For what it's worth, here is a way to do this in XSLT 1.0.
<xsl:stylesheet version="1.0" xmlns:xsl="http://www.w3.org/1999/XSL/Transform">
<xsl:output indent="yes" />
<xsl:strip-space elements="*" />
<xsl:key name="name" match="*[@name]" use="
concat(@name, '|', ancestor::*[1]/@name, '|', ancestor::*[2]/@name)
" />
<xsl:template match="node() | @*">
<xsl:copy>
<xsl:apply-templates select="node() | @*" />
</xsl:copy>
</xsl:template>
<xsl:template match="*[@name]">
<xsl:variable name="myKey" select="
concat(@name, '|', ancestor::*[1]/@name, '|', ancestor::*[2]/@name)
" />
<xsl:variable name="myGroup" select="key('name', $myKey)" />
<xsl:if test="generate-id() = generate-id($myGroup[1])">
<xsl:copy>
<xsl:copy-of select="@*" />
<xsl:apply-templates select="$myGroup/*" />
</xsl:copy>
</xsl:if>
</xsl:template>
</xsl:stylesheet>
outputs
<roots>
<root name="name1">
<layer1 name="name2">
<layer2 attribute="sowhat"/>
<layer2 attribute="justit"/>
<layer2 attribute="yeaha"/>
</layer1>
</root>
<root name="name2123">
<layer1 name="name2">
<layer2 attribute="itis"/>
</layer1>
</root>
</roots>
The key feature of XSLT is the ability to express complex transformations in relatively few lines of code. The above transformation is 29 lines of code and you could squeeze it even more.

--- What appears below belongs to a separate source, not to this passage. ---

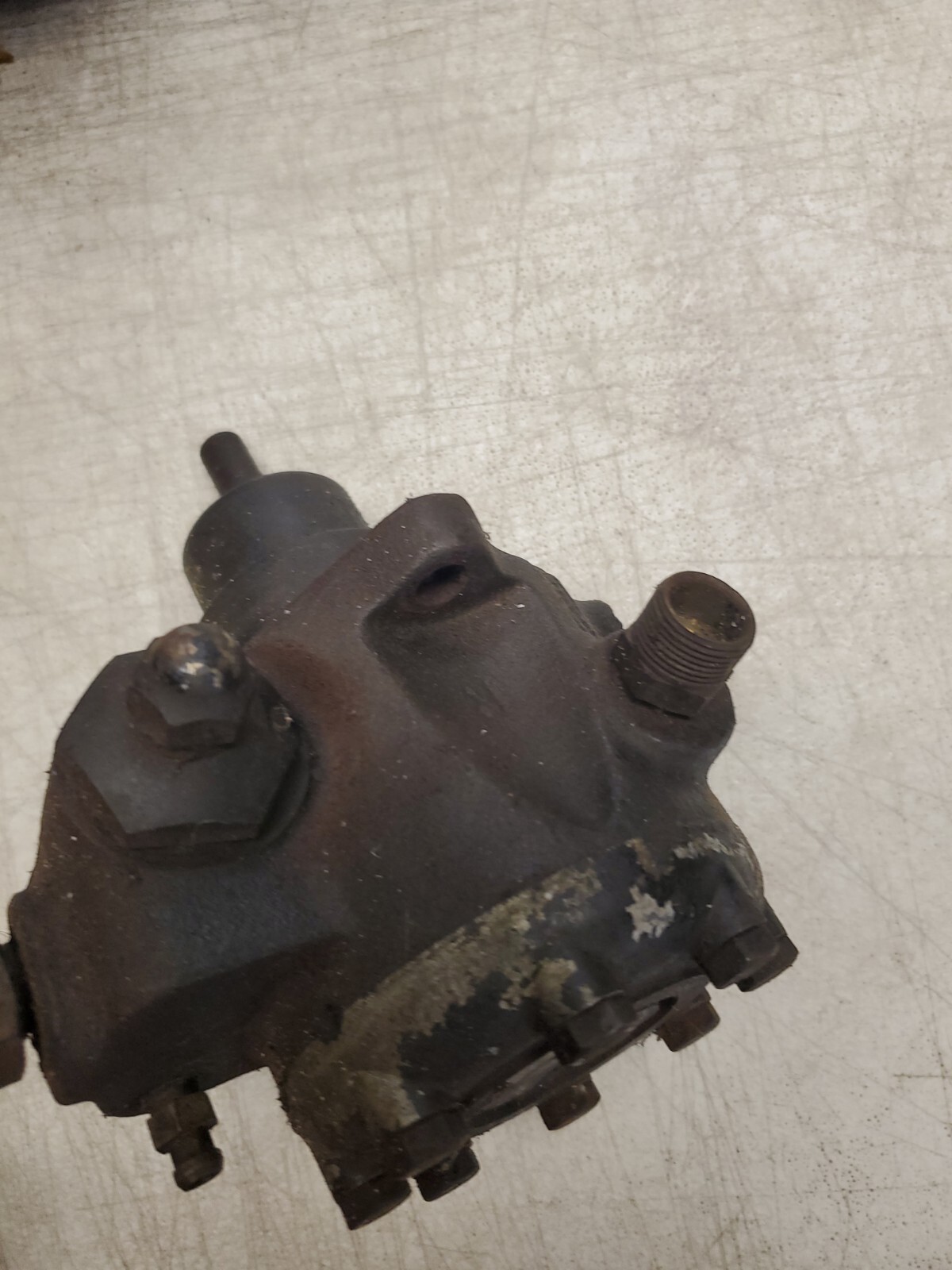 Suntec, Sundstrand J2CB 100, J2BB 100 Oil Burner Pump FOR PARTS OR REPAIR (C42) eBay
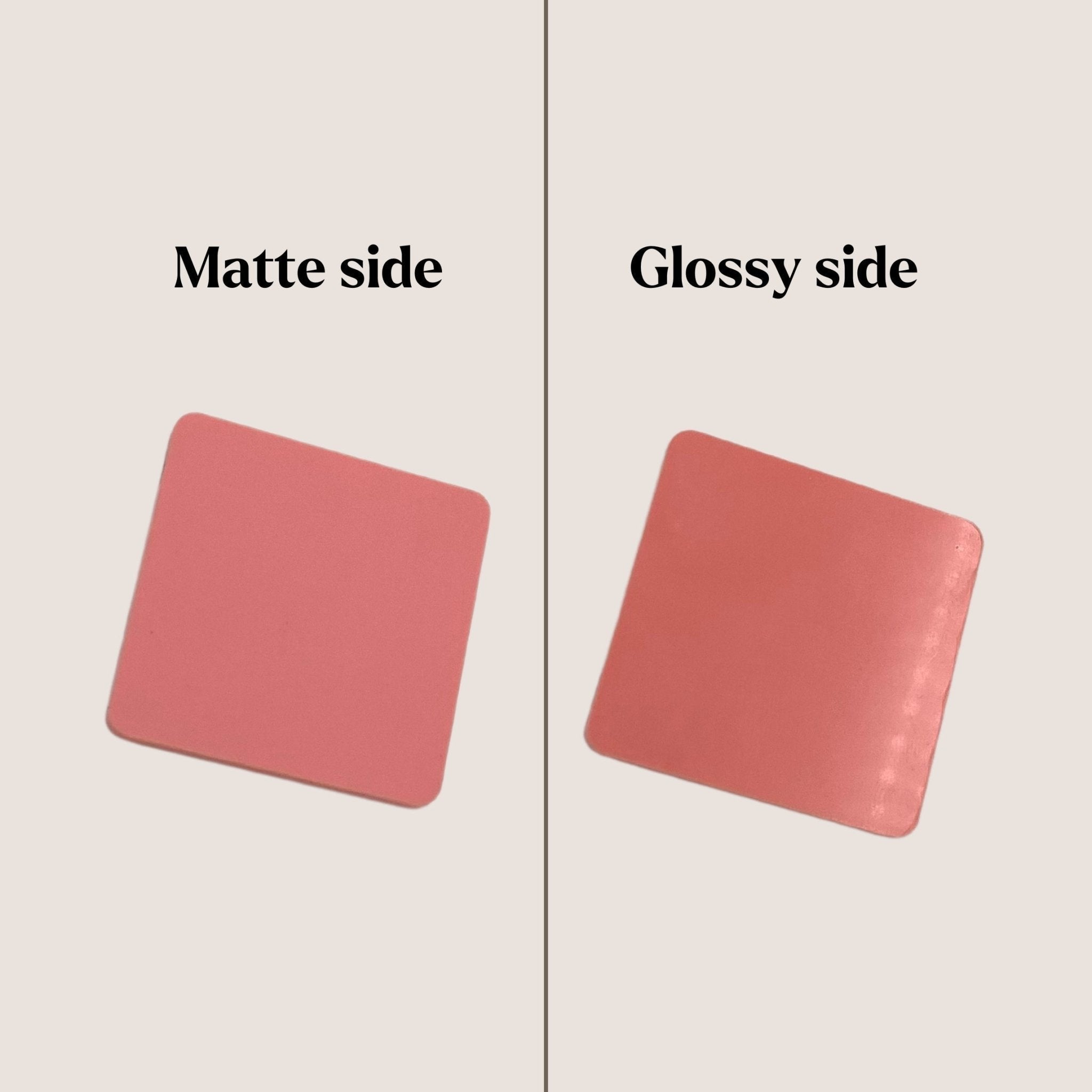 1/8" Pastel Acrylic - Watermelon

I think a crash course in XSLT goes beyond the scope of this answer. Besides that, there are countless crash courses in XSLT available all over the Internet.
So what I do is I'll give a general overview of what happens here.
First off, I've defined two classes of elements for your input - those that are merge-able and those that are not. I've defined all elements that have a @name
attribute to be merge-able.
- All normal nodes (those without a
@name
) are copied as they are. The first <xsl:template>
does that (it's the identity template).
- I've defined a "merge-able group" of elements as those that share a common set of
@name
attribute values along their ancestors.
- To do that I create the concatenation of all relevant
@name
attributes for all elements that have them.
- For the time being, this transformation can handle groups that go 3 levels deep (
concat(@name, '|', ancestor::*[1]/@name, '|', ancestor::*[2]/@name)
).
- Add more levels in the same fashion if necessary.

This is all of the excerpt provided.